If LaRose were sued for damages under the statute (P. S., c. 112, ss. 31, 32), it is clear according to the authorities that evidence of his plea of nolo to a complaint for selling the liquor which caused the damage would be no more competent than his conviction upon a plea of not guilty to the same complaint. If the plea is not competent between different parties because it is only a limited admission of the charge, the admission is not made unlimited by a change of parties.
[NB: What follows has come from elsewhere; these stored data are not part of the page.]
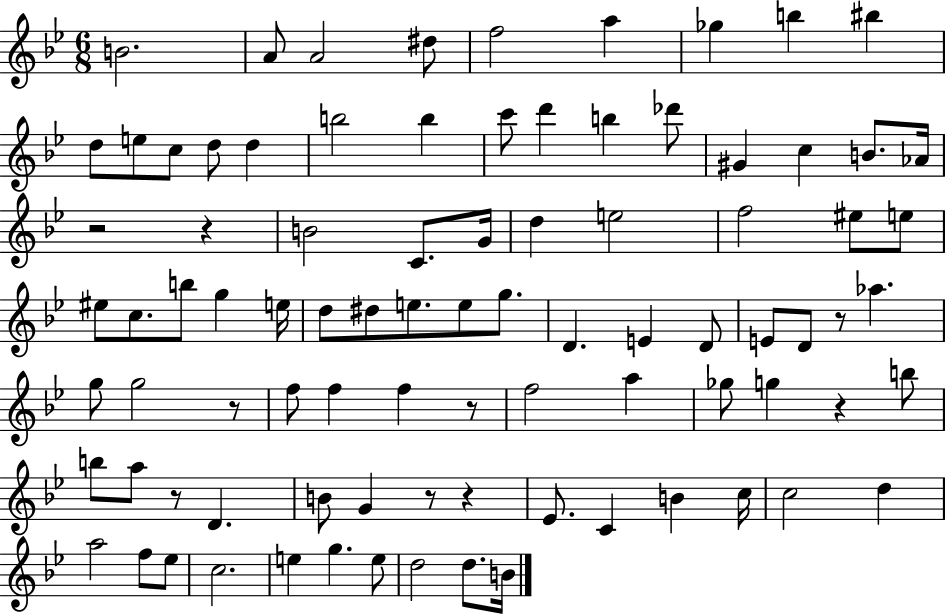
{
  \clef treble
  \numericTimeSignature
  \time 6/8
  \key bes \major
  b'2. | a'8 a'2 dis''8 | f''2 a''4 | ges''4 b''4 bis''4 | \break d''8 e''8 c''8 d''8 d''4 | b''2 b''4 | c'''8 d'''4 b''4 des'''8 | gis'4 c''4 b'8. aes'16 | \break r2 r4 | b'2 c'8. g'16 | d''4 e''2 | f''2 eis''8 e''8 | \break eis''8 c''8. b''8 g''4 e''16 | d''8 dis''8 e''8. e''8 g''8. | d'4. e'4 d'8 | e'8 d'8 r8 aes''4. | \break g''8 g''2 r8 | f''8 f''4 f''4 r8 | f''2 a''4 | ges''8 g''4 r4 b''8 | \break b''8 a''8 r8 d'4. | b'8 g'4 r8 r4 | ees'8. c'4 b'4 c''16 | c''2 d''4 | \break a''2 f''8 ees''8 | c''2. | e''4 g''4. e''8 | d''2 d''8. b'16 | \break \bar "|."
}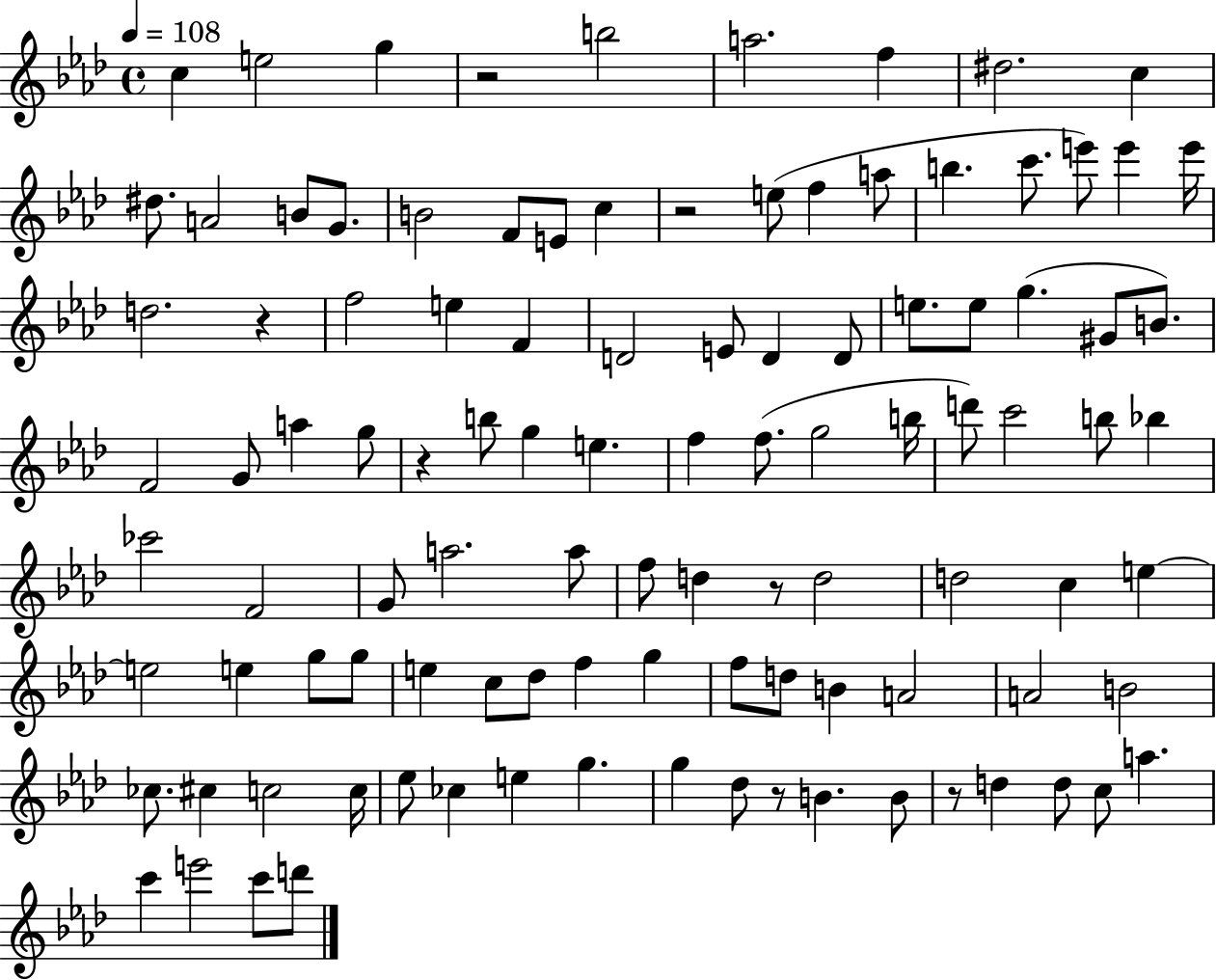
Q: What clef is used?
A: treble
The admission must be one thing or the other when made. Its character at the time determines its meaning, not the use attempted to be afterward made of it. It cannot mean one thing in a subsequent civil suit for damages, and another thing in a subsequent proceeding by the state. The competency of an admission does not depend upon its being made to a party to the suit. If it were an unlimited admission, it would be evidence against the defendant in all subsequent controversies. It is settled by the authorities that it is not. Therefore, there being no ground for an estoppel, the plea can have no greater effect in a proceeding to which the state is a party than in a civil suit, and it is therefore inadmissible against the defendant. If it is claimed that it is improbable that a party would plead nolo and submit to punishment unless conscious of guilt, the argument is no more than can be made in favor of the admission of any proposition for compromise, "because such offers are more apt to be made in cases in which the party making them is conscious that the cause of his adversary is well-founded than in the opposite cases." Rideout v. Newton, 17 N.H. 71, 73; Colburn v. Groton, 66 N.H. 151.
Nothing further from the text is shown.